Outre ses lunettes de piscine, son masque FFP2 pour se protéger des gaz lacrymogènes et le drapeau soudanais noué à la taille, ce manifestant de 22 ans arbore un large bonnet rouge. Son couvre-chef cache une tignasse de cheveux noirs, trouée par endroits, laissant entrevoir son crâne. « Je ne ressemble plus à rien », lâche-t-il dans un rictus où se mêlent la honte et la dérision.
Des policiers en civil l’ont roué de coups avant de lui découper des mèches de cheveux aux ciseaux
Une semaine plus tôt, en sortant de l’université, il s’apprêtait à monter dans un bus quand une main l’a violemment tiré en arrière. Des policiers en civil l’ont roué de coups avant de lui découper des mèches de cheveux aux ciseaux. Ce jour-là, des dizaines de jeunes Soudanais ont subi le même sort, humiliés en place publique.
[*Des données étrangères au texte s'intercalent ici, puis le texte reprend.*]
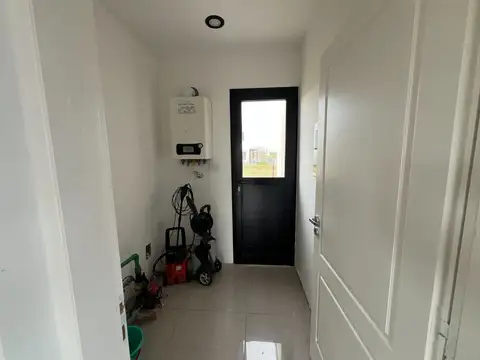 Casa en Alquiler en Belén de Escobar, USD 1.600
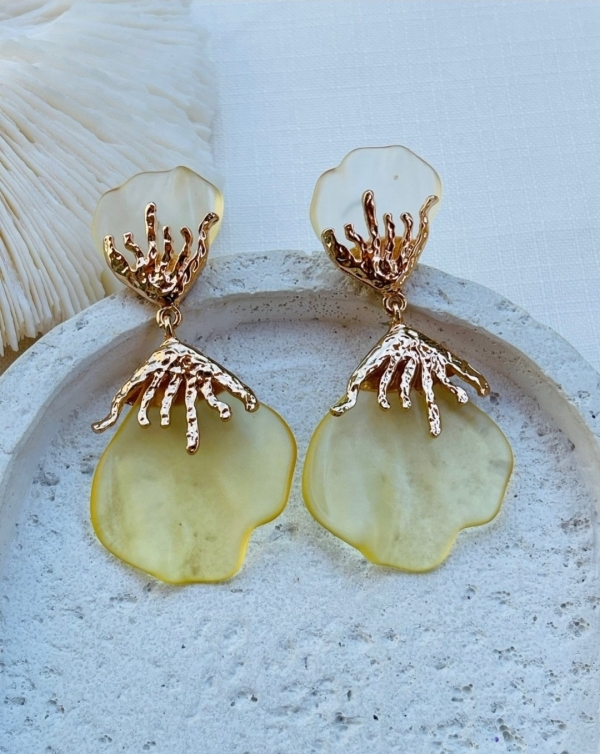 Brinco Flor com Pétala Amarela Fosca e Detalhes Dourados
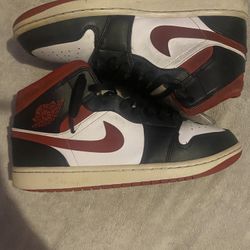 Jordan 1 Mid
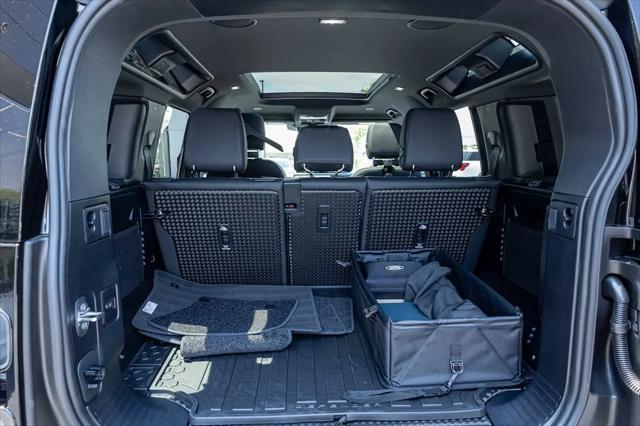 2026 Land Rover Defender P400 X-Dynamic SE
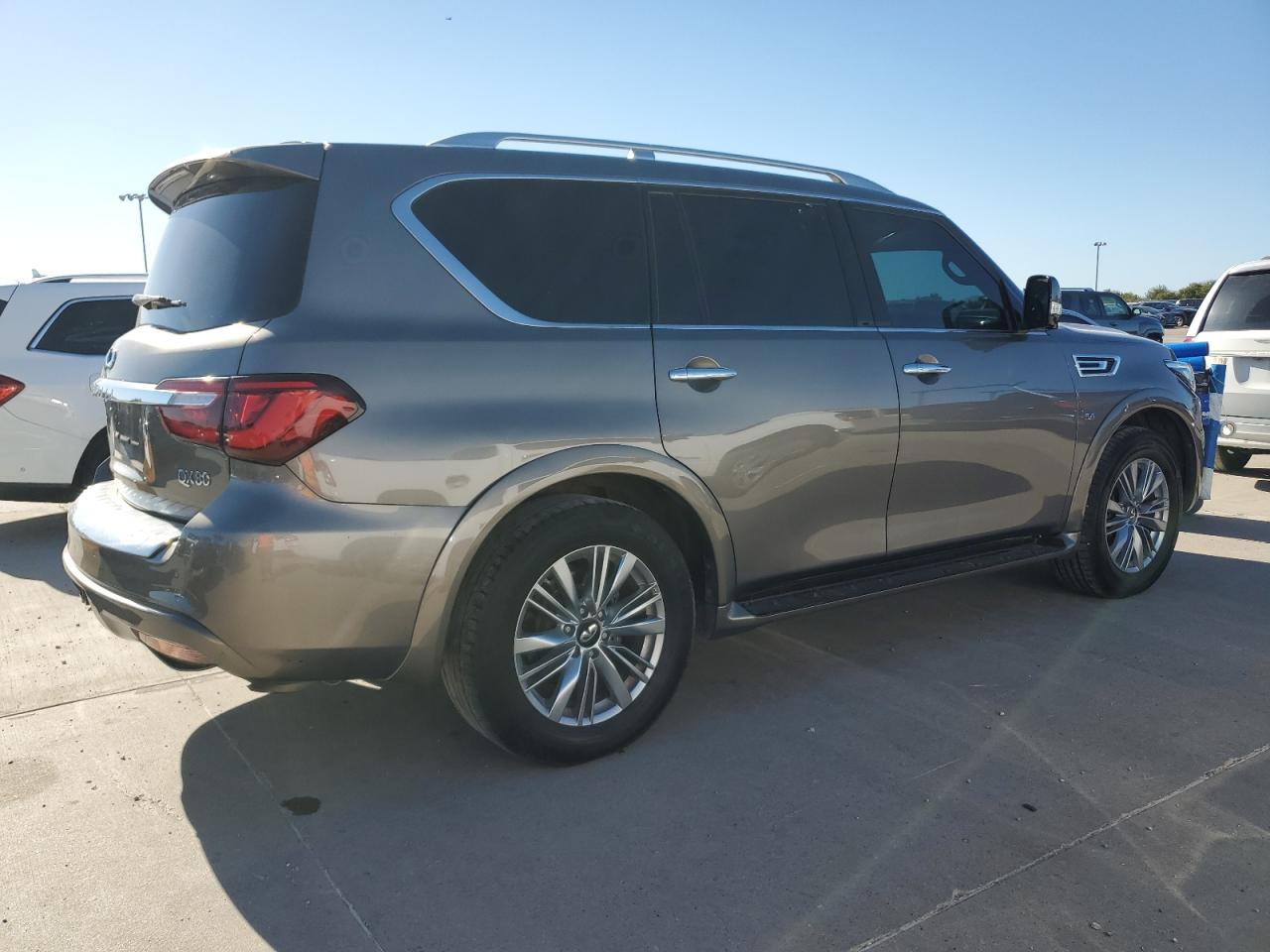 INFINITI QX80 LUXE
Dans le sillage du putsch militaire du 25 octobre 2021, les campagnes de ce genre se sont multipliées dans la capitale et les autres grandes villes du pays. Postés à des check-points ou dispersés dans le tumulte des gares routières, des policiers, des soldats, des agents des renseignements ou des miliciens à la solde du pouvoir font régulièrement descendre les passagers d’un bus pour couper les crinières rebelles. Le tout à l’aide de tondeuses, couteaux, lames de rasoir et parfois même des bouts de verre.
Les militants des comités de résistance, principale épine dans la botte des militaires, sont particulièrement ciblés, mais beaucoup d’autres jeunes citadins en font les frais. « C’est toute notre génération qui est visée. Ils te disent : “T’es un artiste ? un casseur ? un anarchiste ? T’es joli avec ta coupe de fille. Tu t’es égaré du chemin de notre religion ?” », énumère Adam*, qui a été rasé début août.
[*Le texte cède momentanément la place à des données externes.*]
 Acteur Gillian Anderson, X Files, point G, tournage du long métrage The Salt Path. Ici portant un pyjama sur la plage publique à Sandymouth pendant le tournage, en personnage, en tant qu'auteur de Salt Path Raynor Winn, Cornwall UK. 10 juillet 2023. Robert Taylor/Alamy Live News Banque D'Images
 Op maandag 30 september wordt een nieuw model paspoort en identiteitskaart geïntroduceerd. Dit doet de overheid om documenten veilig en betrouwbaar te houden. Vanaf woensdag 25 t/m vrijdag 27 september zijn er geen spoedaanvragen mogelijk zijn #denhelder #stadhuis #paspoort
Dans les cortèges qui défient le pouvoir militaire, de nombreux manifestants portent les cheveux longs. « Quand tu vis sous un régime autoritaire, tous les moyens de résistance sont bons. Se faire pousser les cheveux, pour nous, c’est une manière de refuser leur conception du monde », explique Wad el-Sheikh, un manifestant masqué, coiffé de fines dreadlocks.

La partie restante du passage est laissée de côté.